(Short descriptive text snippets)
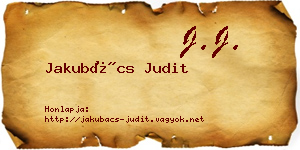 Jakubács Judit névjegykártya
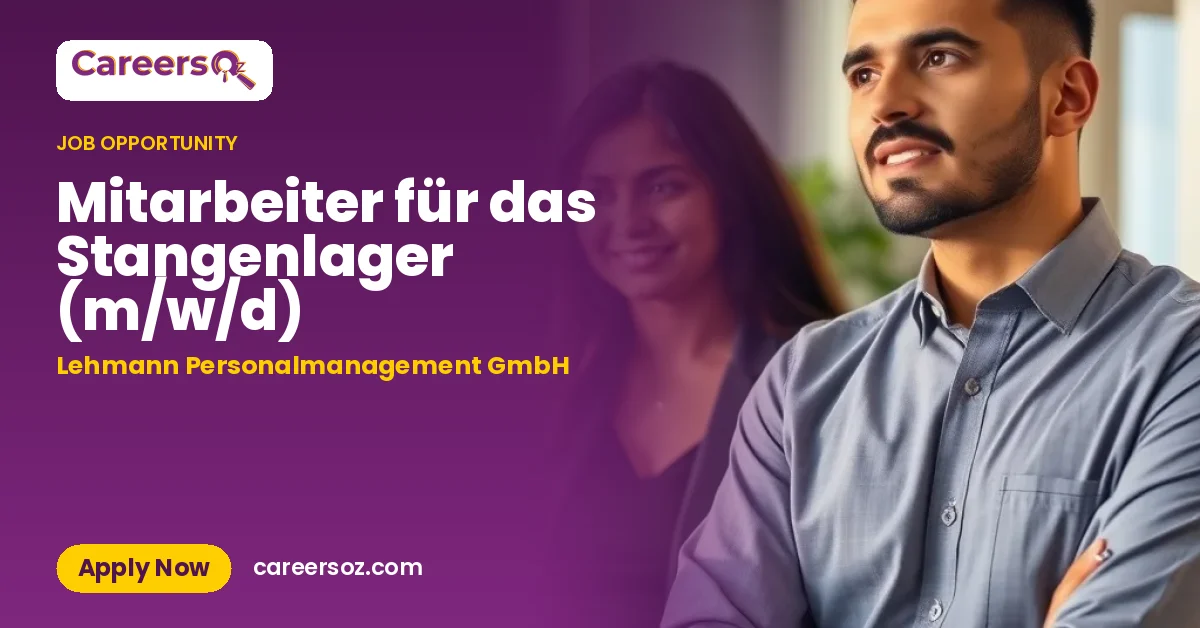Mitarbeiter für das Stangenlager (m/w/d) – Lehmann Personalmanagement GmbH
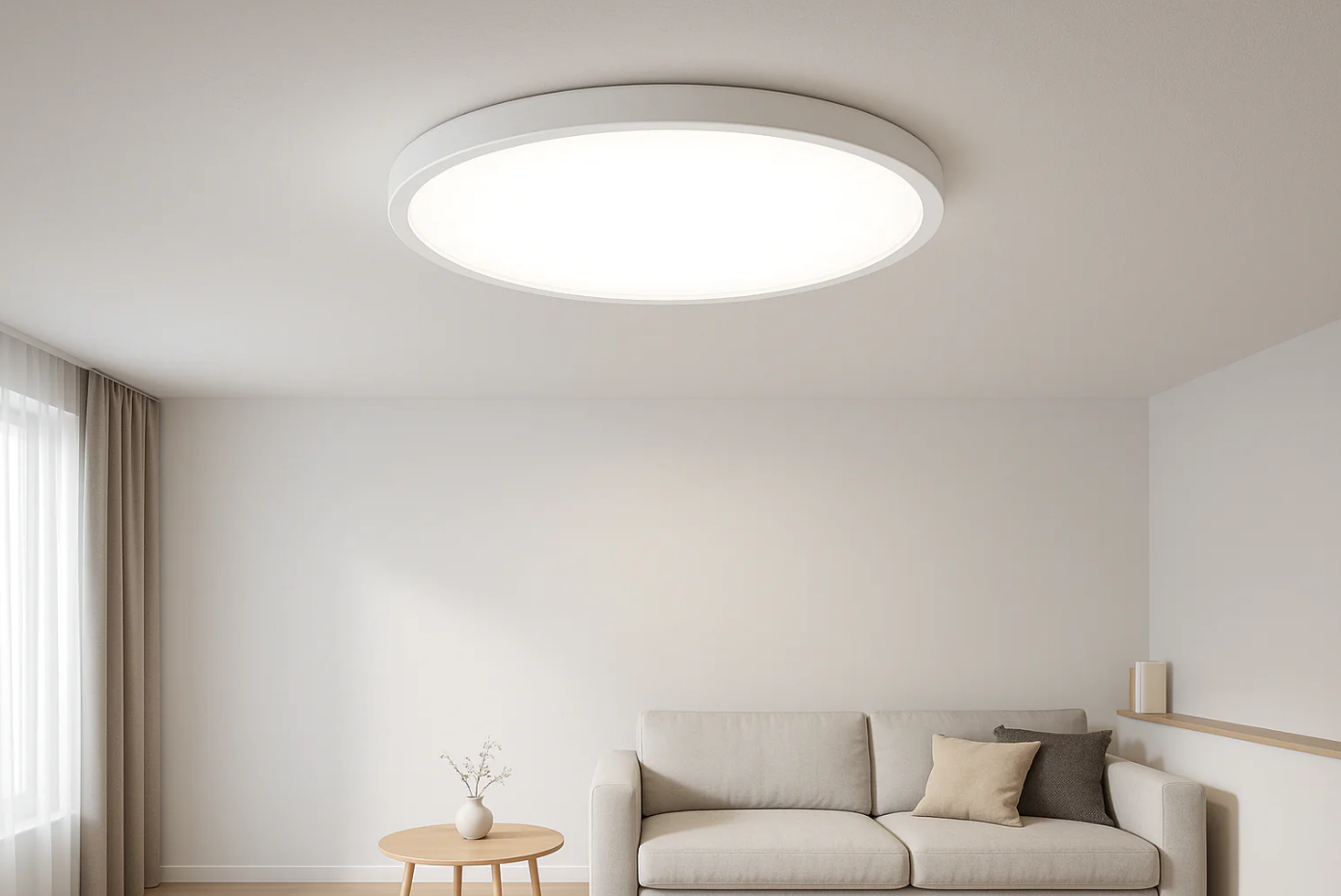 Plafon LED Redondo 40cm Branco Luz Fria Sobrepor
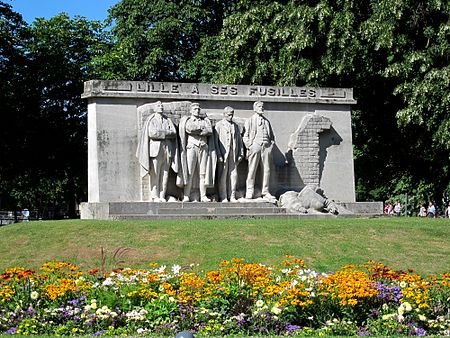 Lille monument fusillés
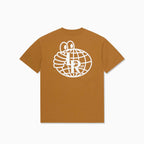 Atlas Monogram SS Tee (Golden Brown/White)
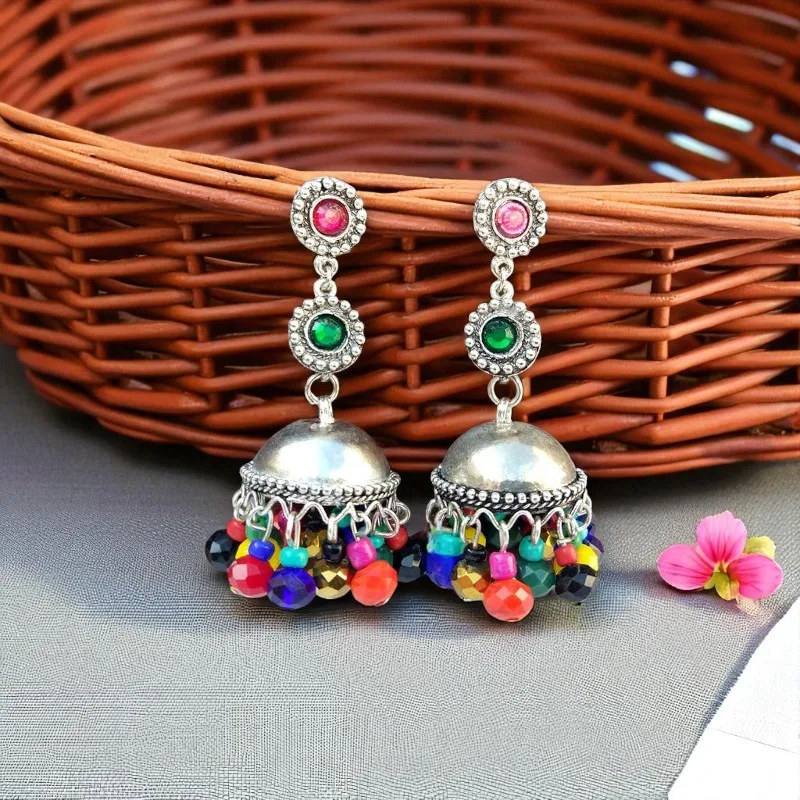 Avika Oxidised Jhumka Earring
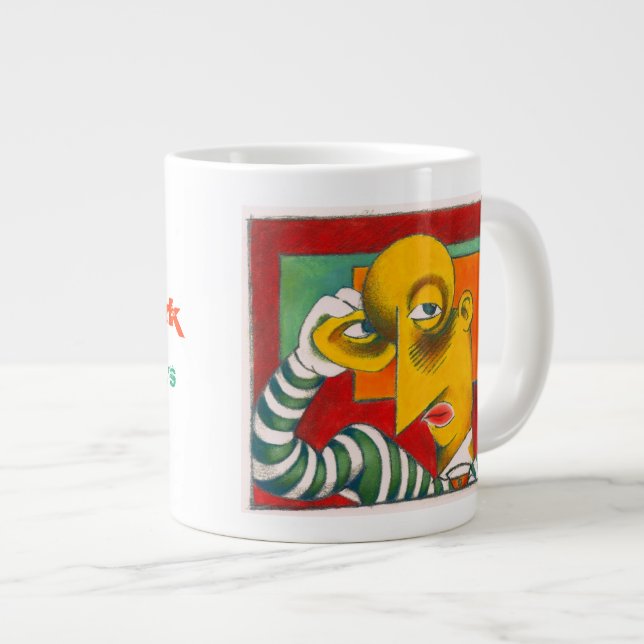Konstnär på jobbet jumbo mugg (Framsida höger)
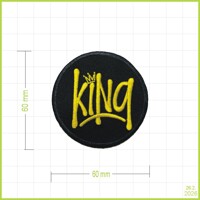 KING - vyšívaná nášivka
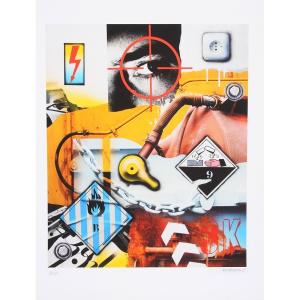 Peter Klasen Screenprint, Signed In Pencil By The Artist And No. 24/30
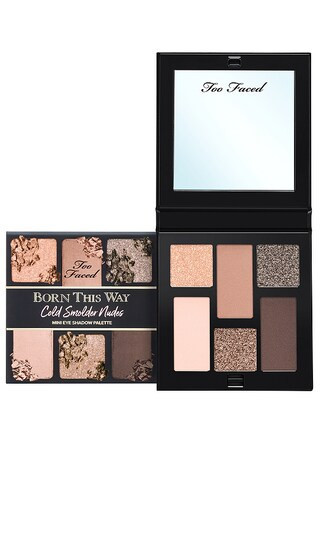 Too Faced Born This Way Cold Smolder Nudes Mini Eyeshadow Palette in Multi. | Revolve Clothing (Global)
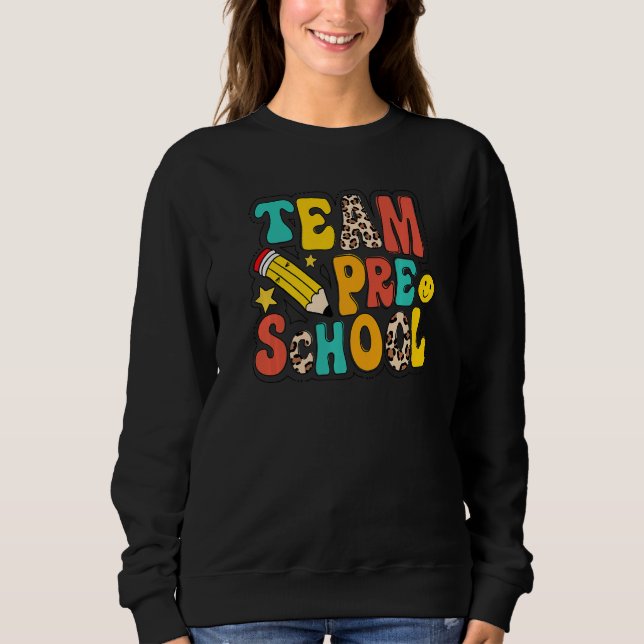 Sweatshirt Équipe léopard Enseignant de maternelle Élève Prem (Devant)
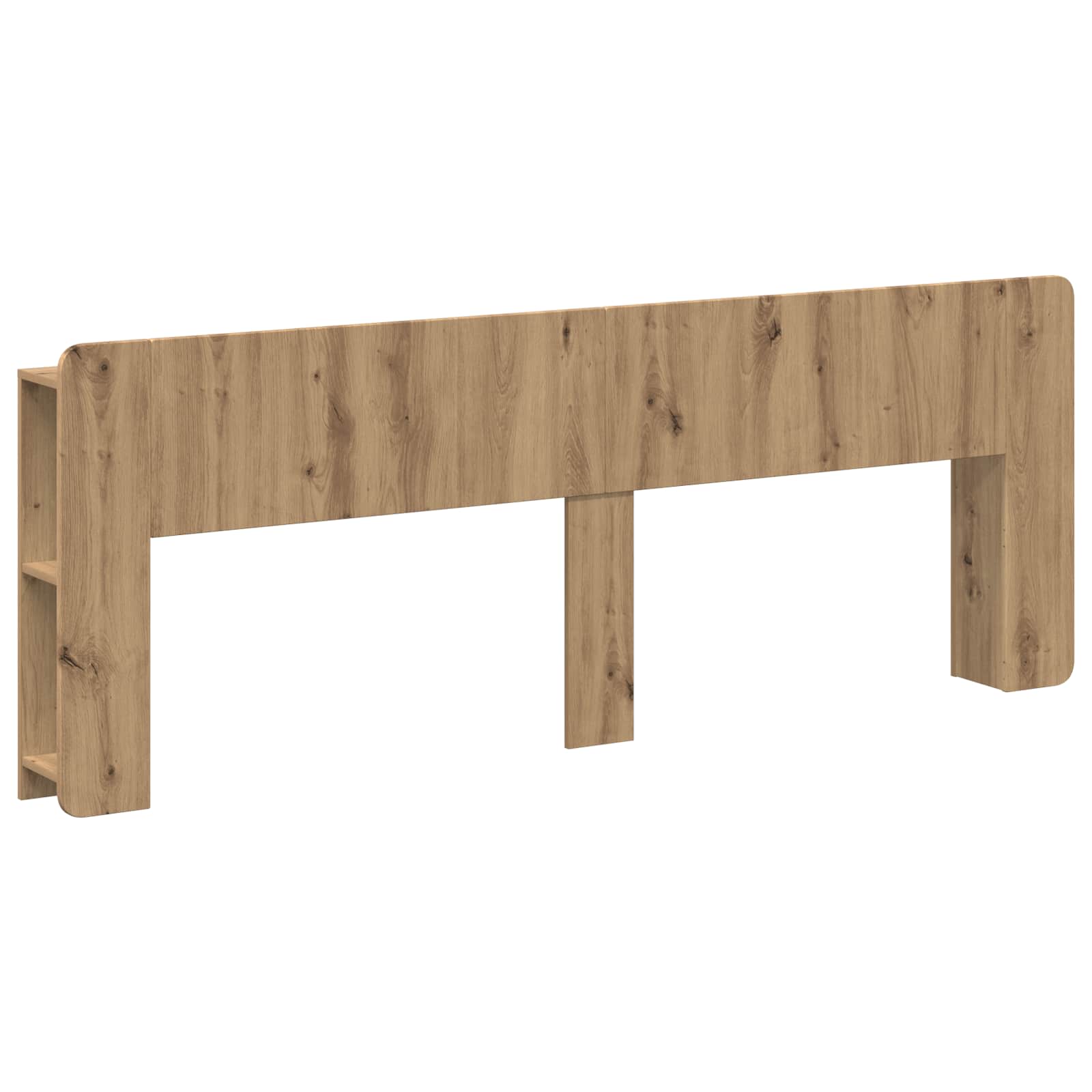 vidaXL Hoofdeinde kas Wit 135 x 18,5 x 80 cm Geconstrueerd hout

AIM OF THE EXERCISE: Only the pictures are to be left out; write out all the other data exactly.

RESPONSE TO THIS TASK:
 Jakubács Judit névjegykártya
Mitarbeiter für das Stangenlager (m/w/d) – Lehmann Personalmanagement GmbH
 Plafon LED Redondo 40cm Branco Luz Fria Sobrepor
 Lille monument fusillés
 Atlas Monogram SS Tee (Golden Brown/White)
 Avika Oxidised Jhumka Earring
Konstnär på jobbet jumbo mugg (Framsida höger)
 KING - vyšívaná nášivka
 Peter Klasen Screenprint, Signed In Pencil By The Artist And No. 24/30
 Too Faced Born This Way Cold Smolder Nudes Mini Eyeshadow Palette in Multi. | Revolve Clothing (Global)
 Sweatshirt Équipe léopard Enseignant de maternelle Élève Prem (Devant)
 vidaXL Hoofdeinde kas Wit 135 x 18,5 x 80 cm Geconstrueerd hout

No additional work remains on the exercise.